NFVCB's Cowardly Capitulation: A Lame Excuse for Approving "A Very Dirty Christmas"
By Matthews Otalike, The Searchlight Correspondent / December 19, 2025

The National Film and Video Censors Board (NFVCB) has finally spoken on the outrage surrounding 'A Very Dirty Christmas', Ini Edo's Nollywood film that brazenly profanes the sacred Christmas season. Released in cinemas on December 16, 2025, smack in the heart of Advent, the movie's title alone is a calculated insult to millions of Nigerian Christians, especially Catholics, who hold December as a time of profound spiritual reverence for the birth of Jesus Christ.
The sharp condemnation by the Catholic Bishops' Conference of Nigeria and the Christian Association of Nigeria was spot-on: the title mocks the purity, peace, love, and redemption that Christmas represents by associating it with "dirtiness, a crude, sensational ploy for attention. Yet, instead of outright condemnation or withdrawal, the NFVCB's response is a spineless, bureaucratic dodge that exposes its failures as a gatekeeper of cultural and religious decency.

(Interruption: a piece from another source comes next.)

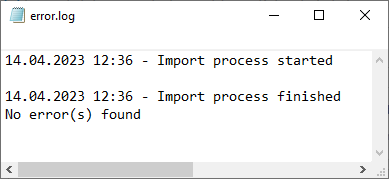 Protokoll ohne Fehler importieren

The Board's statement, issued by Executive Director Shaibu Husseini, begins with the predictable platitudes: "We hold religious sensitivity, mutual respect, and peaceful coexistence as core considerations." It admits no formal complaint from CAN was received, conveniently ignoring the flood of public outcry on social media and in the press.
Then comes the deflection: the film was "approved and classified after undergoing the established censorship and classification process," with the title deemed "part of a fictional and creative expression." Not intended to disparage Christianity, they claim. This is the height of hypocrisy. If the NFVCB truly values religious harmony in a nation where faith is central to identity, how could it greenlight a title that so blatantly trivializes a holy season? The "context" excuse falls flat; the title stands alone on billboards, trailers, and posters, designed to shock and sell tickets.

The Board's initial approval appears to be a sign of negligence or deliberate indifference to Christian sensibilities. Worse still is the limp "action" proposed: they've "formally engaged the producers" and "requested a modification of the title" to avoid "offensive interpretations." Requested? Not mandated? In a country where the NFVCB wields the power under Section 39(1) of its Act to withdraw films for public interest reasons, this is toothless. Why not enforce a change, or better yet, suspend the exhibition until the title is rectified?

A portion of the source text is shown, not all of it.